LUCKNOW: With the Lok Sabha elections inching closer, the political landscape of Uttar Pradesh is changing by the day. The party’s smaller, regional outfits are having their day in the sun as national parties scramble to stitch up alliances.
For the ruling Bharatiya Janata Party (BJP), the situation comes as a double-edged sword. On one hand, it is busy finding new allies and on the other it is placating older allies who are reportedly unhappy — Union Minister Anupriya Patel’s Apna Dal (S) and Uttar Pradesh Cabinet minister OP Rajbhar’s Suheldev Bharatiya Samaj Party (SBSP).
Patel has been airing her discontent with the BJP leadership for the last two months. She had even issued an ultimatum to the BJP to address its grievances by February 20, failing which the party would look for alternatives.
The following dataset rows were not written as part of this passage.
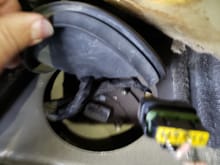 Lift grommet under right rear passenger seat for access to fuel talk electrical connector. 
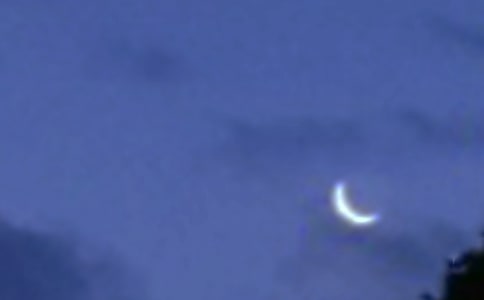 關(guān)于月亮作文匯總【15篇】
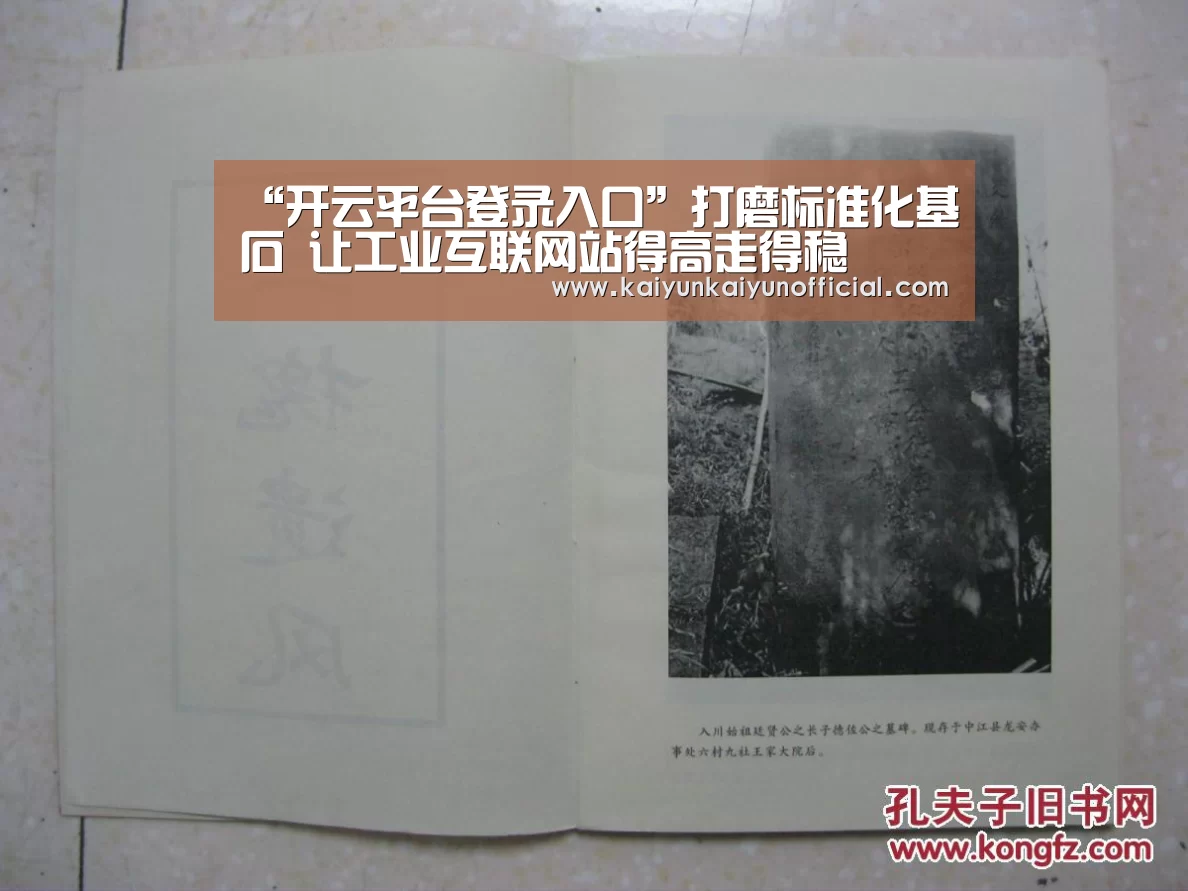 “开云平台登录入口”打磨标准化基石 让工业互联网站得高走得稳(图2) 开云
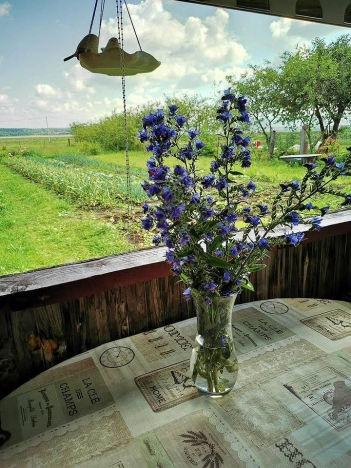 Купить дом в Москве. Вариант № 8474436, 13, площадь -  квм, цена 4300000 рублей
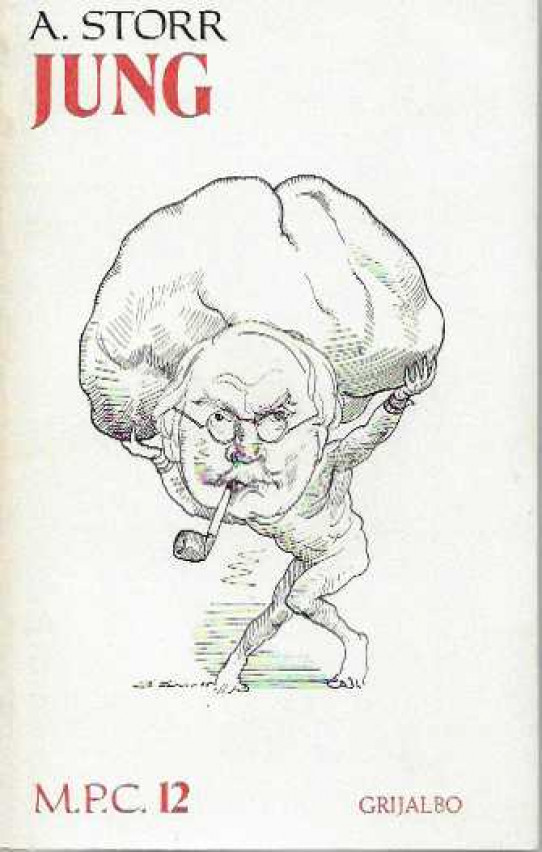 JUNG   ---en perfecto estado---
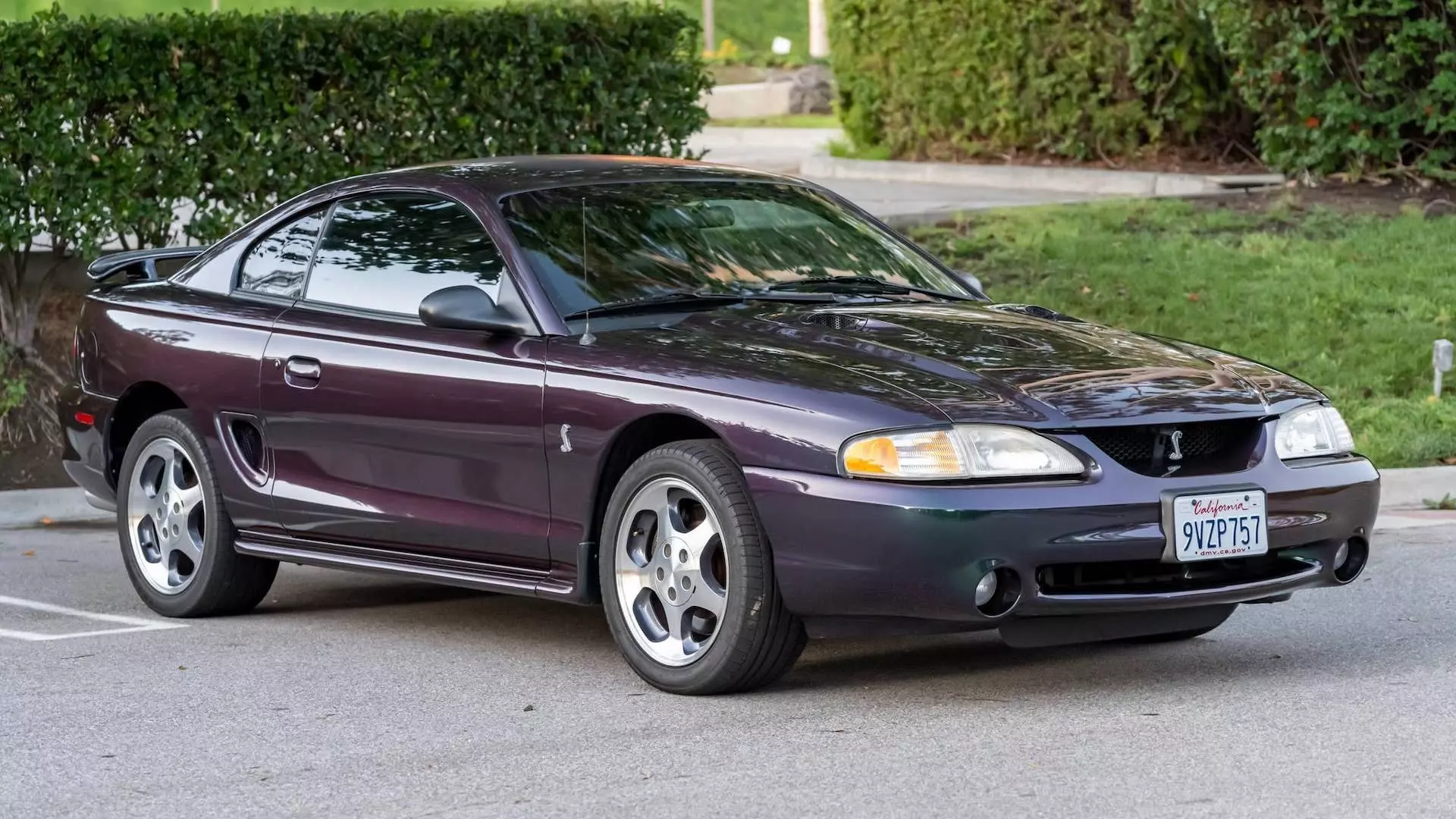 For Sale: A 1996 Ford Mustang SVT Cobra Coupe with Unique Mystic Clearcoat Metallic Finish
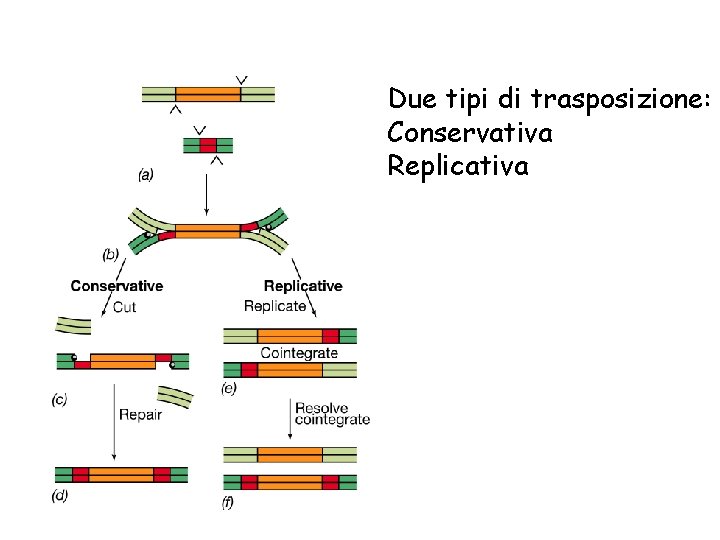 Due tipi di trasposizione: Conservativa Replicativa 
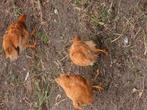 new hampshire kippen, Dieren en Toebehoren, Pluimvee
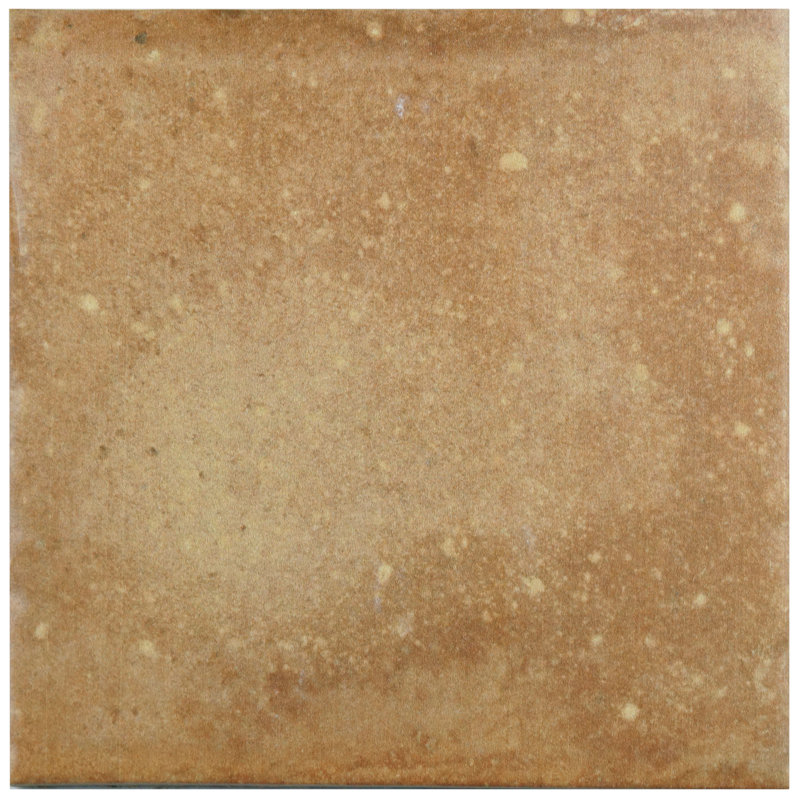 Americana Boston 9" x 9" Porcelain Stone Look Wall & Floor Tile, Light Tawny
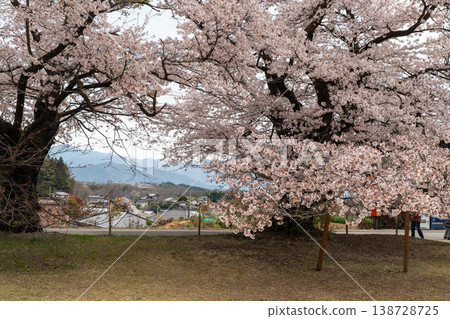 Cherry blossoms at Kiyoharu Art Village Cherry blossoms at Kiyoharu Art Village 138728725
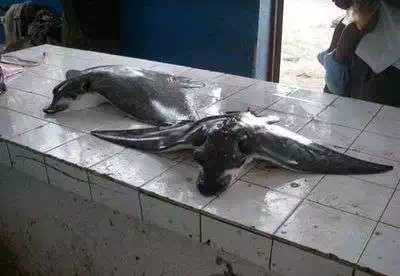 Freshly caught stingray Mombasa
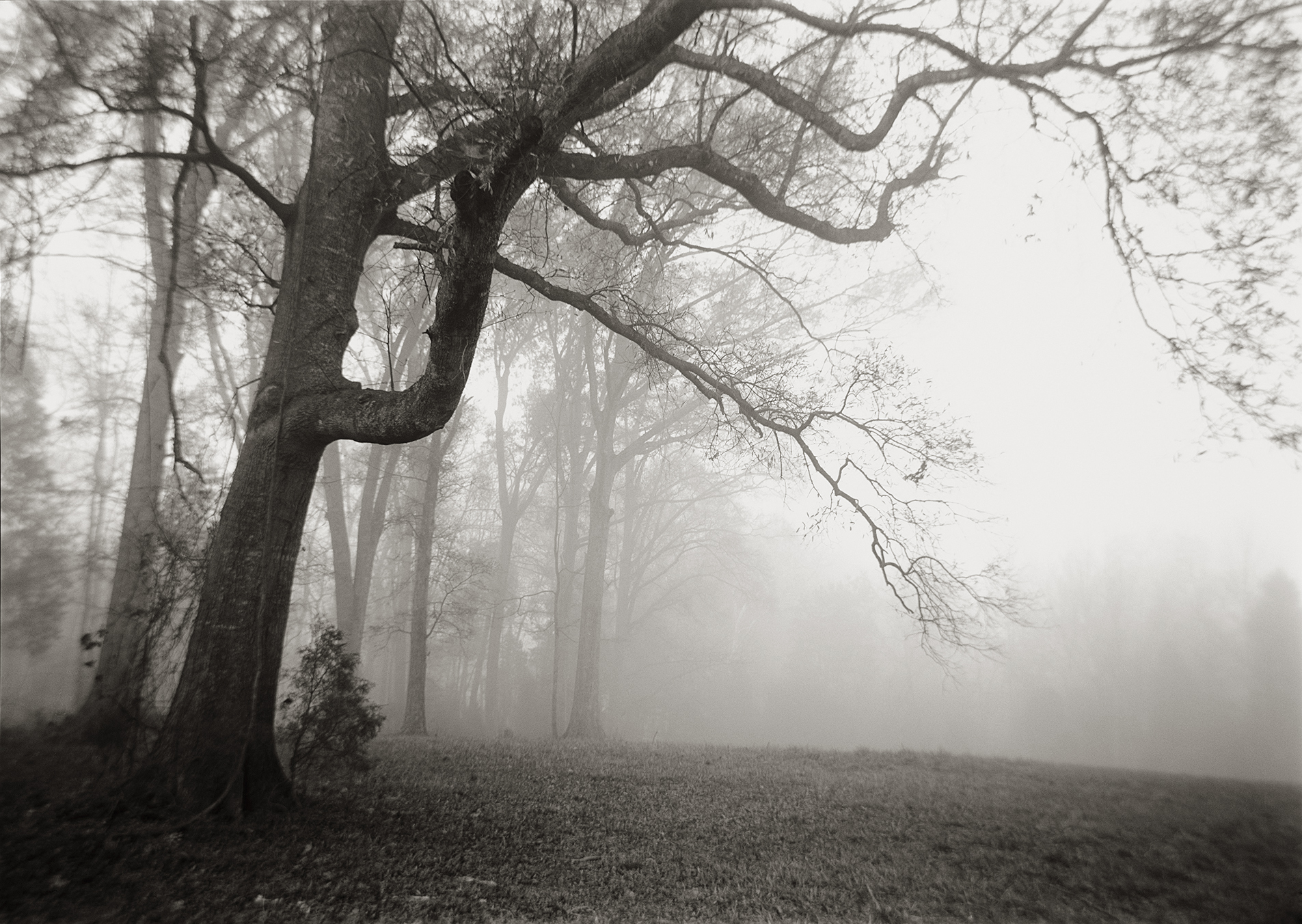  BRANCHES IN FOG, 2007 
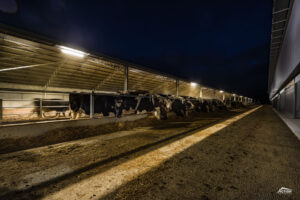Loafing barn project with lighting
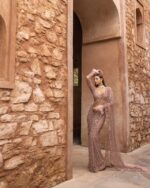 Presenting New Heavy Embroidery work Designer saree collection - Image 6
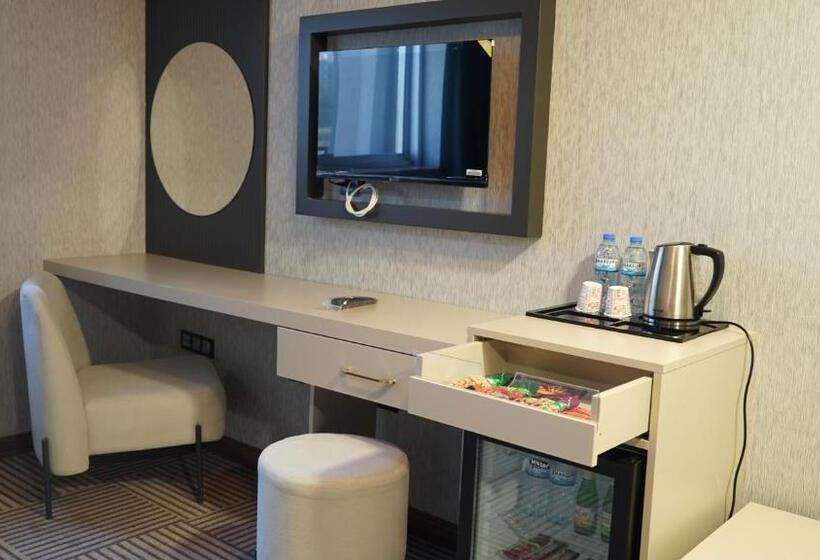 标准单人间, Shelby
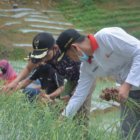 Pemdes Kubang Tangah Kembangkan Bawang Merah, Sudah 2 Dusun Yang Panen Perdana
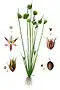 Juncus capitatus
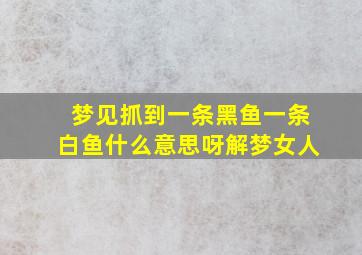 梦见抓到一条黑鱼一条白鱼什么意思呀解梦女人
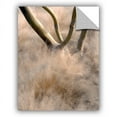 thumbnail image 1 of ArtAppealz Linda Parker "Desert Grasses" Removable Wall Art, 1 of 1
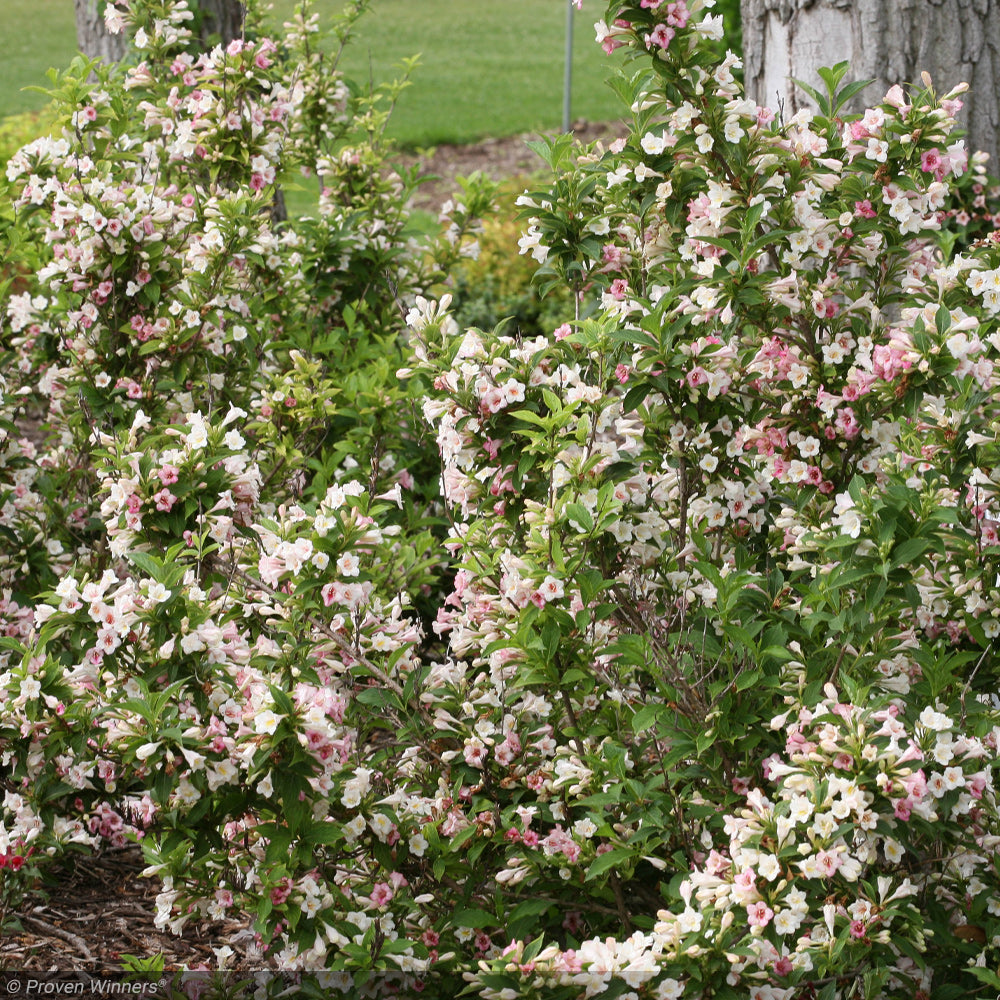 Weigela, Sonic Bloom Pearl #5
Patel then met Congress’ newly appointed general-secretary Priyanka Gandhi Vadra on Thursday for a three-hour long deliberation session over possible alliance. The party is likely to take the final decision by this month end.
“The time for talks with the BJP is now over. We are free to take our decision,” said Patel.
Similarly, Rajbhar, a frequent critic of Chief Minister Yogi Adityanath and his government in UP, has been sulking since he joined the dispensation in March 2017. According to a functionary in the state’s BJP unit, Rajbhar was placated to an extent by BJP chief Amit Shah when the SBSP chief met him in Delhi on Wednesday. The two are scheduled to meet again next week.
Other such outifits are also busy making their presence felt in the state. While the Rashtriya Lok Dal, which failed to win a single seat in 2014, has managed to clinch three of the six seats it was demanding from the SP-BSP alliance, eastern UP-based Mahan Dal has decided to go with the Congress. The Samajwadi Party is also considering ‘accommodating’ fringe players by allowing its candidates to contest on the SP symbol.
The BJP’s alliance with the Apna Dal(S) and the SBSP helped it garner huge numbers across the state in 2014. Since then however, the party has not been able to maintain its relations with leaders of the smaller parties.